MADRID (Reuters) - When he’s not facing a bull in the ring, dressed in the richly embroidered costume worn by matadors, Alberto Lamelas can be found in jeans and sneakers circling Madrid in his taxi looking for customers.
In Spain, where bullfighting is steeped in glamor and tradition, matadors are often elevated to celebrity status, bullfighters nevertheless often struggle to make ends meet.
Like many other matadors, Lamelas, 33, has to supplement his income with other jobs to finance the expensive equipment and “traje de luces”, or suit of lights, worn in the ring.
“Many of us have to make do as best we can,” he said.
Lamelas, who graduated from trainee bullfighter, or “novillero”, to matador in 2009, barely manages to score four fights a year. But he still sees bullfighting as his calling, despite waning enthusiasm among Spaniards for the sport. He trains on an almost daily basis in a disused ring on the outskirts of Madrid.
“What I am, above everything, is a bullfighter,” he said.
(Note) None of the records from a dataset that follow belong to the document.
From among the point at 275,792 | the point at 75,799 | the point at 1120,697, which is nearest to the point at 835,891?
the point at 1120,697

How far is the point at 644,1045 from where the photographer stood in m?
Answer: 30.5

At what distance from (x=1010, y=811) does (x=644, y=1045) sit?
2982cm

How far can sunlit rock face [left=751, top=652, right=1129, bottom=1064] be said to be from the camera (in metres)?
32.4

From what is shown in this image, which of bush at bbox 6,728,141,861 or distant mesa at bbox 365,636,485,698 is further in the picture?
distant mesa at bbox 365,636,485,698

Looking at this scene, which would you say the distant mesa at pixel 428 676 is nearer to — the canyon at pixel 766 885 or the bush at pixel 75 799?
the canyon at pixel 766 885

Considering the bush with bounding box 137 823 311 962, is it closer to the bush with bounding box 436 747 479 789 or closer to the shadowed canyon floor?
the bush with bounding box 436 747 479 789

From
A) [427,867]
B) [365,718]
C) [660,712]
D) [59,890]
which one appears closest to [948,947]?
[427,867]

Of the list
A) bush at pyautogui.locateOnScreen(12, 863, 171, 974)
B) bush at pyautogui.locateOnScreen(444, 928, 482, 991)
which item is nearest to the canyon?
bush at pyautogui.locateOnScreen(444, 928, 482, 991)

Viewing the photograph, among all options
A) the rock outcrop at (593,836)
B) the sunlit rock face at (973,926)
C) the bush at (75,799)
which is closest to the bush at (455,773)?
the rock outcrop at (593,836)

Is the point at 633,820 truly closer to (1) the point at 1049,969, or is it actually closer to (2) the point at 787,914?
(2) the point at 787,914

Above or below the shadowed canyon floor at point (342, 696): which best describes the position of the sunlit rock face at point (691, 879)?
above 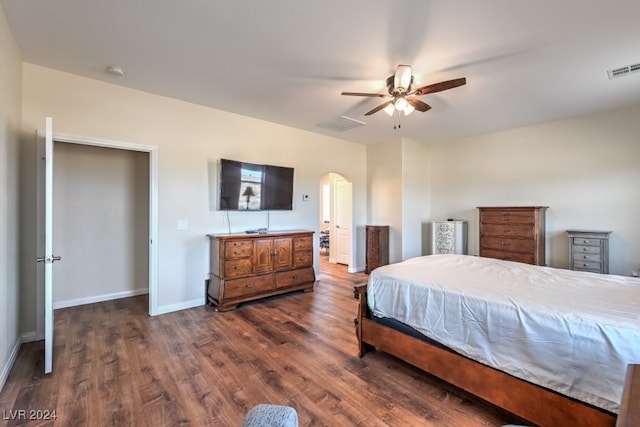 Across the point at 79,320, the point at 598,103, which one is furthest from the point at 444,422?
the point at 598,103

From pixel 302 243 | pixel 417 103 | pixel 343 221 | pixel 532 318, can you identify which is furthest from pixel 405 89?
pixel 343 221

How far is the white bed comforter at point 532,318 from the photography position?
148 cm

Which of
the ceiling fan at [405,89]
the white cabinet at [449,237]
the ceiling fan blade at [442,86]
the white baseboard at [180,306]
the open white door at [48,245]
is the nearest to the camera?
the open white door at [48,245]

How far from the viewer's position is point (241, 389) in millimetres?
2176

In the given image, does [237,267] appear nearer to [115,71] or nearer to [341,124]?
[115,71]

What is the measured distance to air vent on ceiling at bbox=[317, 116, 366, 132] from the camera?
453 cm

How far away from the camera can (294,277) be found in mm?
4551

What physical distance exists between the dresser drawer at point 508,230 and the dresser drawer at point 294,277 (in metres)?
3.09

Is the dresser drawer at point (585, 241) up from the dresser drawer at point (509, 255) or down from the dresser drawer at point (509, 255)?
up

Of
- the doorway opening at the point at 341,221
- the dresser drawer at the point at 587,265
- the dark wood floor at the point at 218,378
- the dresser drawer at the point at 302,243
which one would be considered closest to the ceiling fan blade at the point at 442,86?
the dark wood floor at the point at 218,378

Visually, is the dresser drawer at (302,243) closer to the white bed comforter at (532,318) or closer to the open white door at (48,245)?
the white bed comforter at (532,318)

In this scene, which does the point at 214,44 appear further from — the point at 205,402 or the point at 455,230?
the point at 455,230

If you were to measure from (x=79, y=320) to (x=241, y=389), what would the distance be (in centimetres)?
266

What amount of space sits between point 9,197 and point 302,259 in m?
3.36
Lamelas made his second ever appearance this summer at Madrid’s grand Las Ventas bullring during the San Isidro festivities - the ultimate stage for matadors seeking to make a name for themselves.
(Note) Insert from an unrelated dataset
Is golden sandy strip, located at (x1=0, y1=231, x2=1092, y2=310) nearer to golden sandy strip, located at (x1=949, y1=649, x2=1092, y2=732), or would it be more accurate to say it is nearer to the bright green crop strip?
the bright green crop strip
He spent several hundred euros hiring a suite at a hotel often used by matadors or “toreros”.
Even dressing for the occasion was steeped in ritual. Every element of clothing, from the bright pink tights to the tie, was carefully laid out and put on in a precise order. Lamelas wore a deep blue “traje”, or suit, with gold epaulettes and adornments.
He killed two bulls in that fight. But days later, he was back at the taxi stand, reliving his highlights from Las Ventas as he inched forward in a queue of cars waiting for passengers at Madrid’s Atocha train station.